Ethnicity of the staff members is gathered by hand using excel, looking at their last name. Scholars are divided into two groups: (0) a non-Dutch last name, and (1) a Dutch last name. When in doubt about the origin of a last name, the CBG family name database was used, containing information on the geographical distribution and origin of last names.
The prevalence of non-Dutch staff members within the collaborator egonets of the staff members is operationalized as the percentage of ego’s unique co-authors with a non-Dutch last name within ego’s collaborator network since 2019. This was also done by hand in excel, by first counting the amount of unique collaborators within one’s network and then counting the amount of unique collaborators with a non-Dutch last name. Last, the percentage of Non-Dutch collaborators was calculated and the excel dataframe was added to R. The two scholars, one of RU and one of UU, that had a missing value on this dependent variable were deleted (see 5. RU ethnicity & age and see 5. UU ethnicity & age).

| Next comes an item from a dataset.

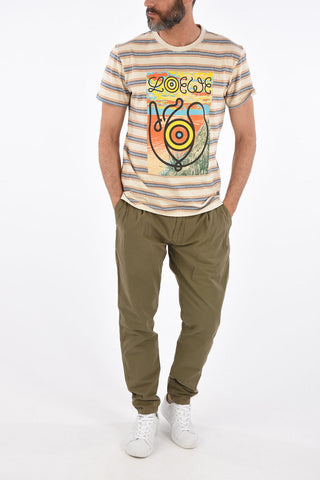printed striped crew-neck t-shirt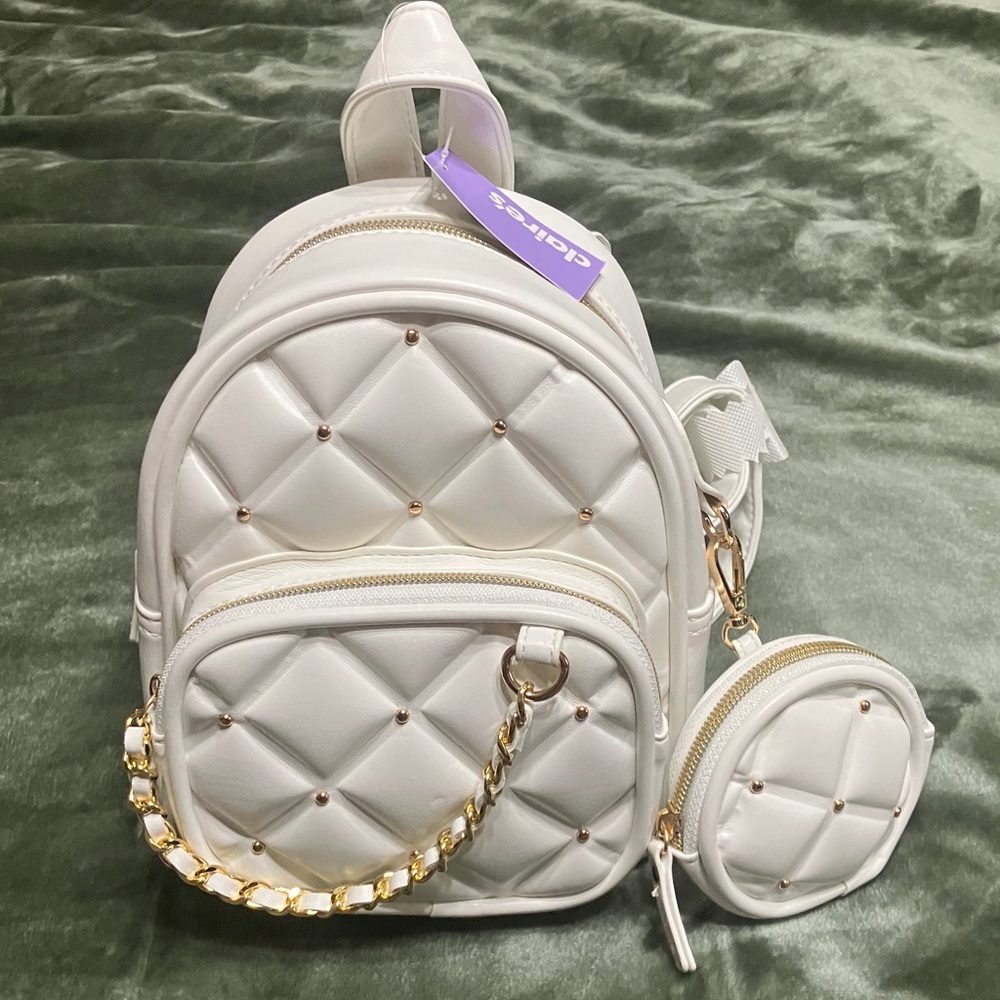 White Quilted Mini Backpack with Gold Hardware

Gender of the staff members is decided by looking at their first name, using the Meertens Voornamenbank. This database contains information on the gender, popularity, geographical distribution and origin of all first names in The Netherlands (see 2.gender).
As data on the age of scholars was not easily available on the internet, we operationalized age as the period in which the scholar has been active in the academic world. Therefore age is seen as the year of the first publication of the staff member, based on te publication list retrieved from google scholar (see 5. RU ethnicity & age and see 5. UU ethnicity & age).
First, several descriptive statistics of the networks are presented. A visual representation of the collaboration networks within the departments is made. Furthermore, several descriptive and frequency statistics are calculated regarding the ethnicity, age and gender of the ego’s, the ethnic diversity of the egonets and the degrees and transitivity of the networks. Moreover, to look into the segregation of the networks, we compared intra- and intergroup densities of both gender and ethnicity.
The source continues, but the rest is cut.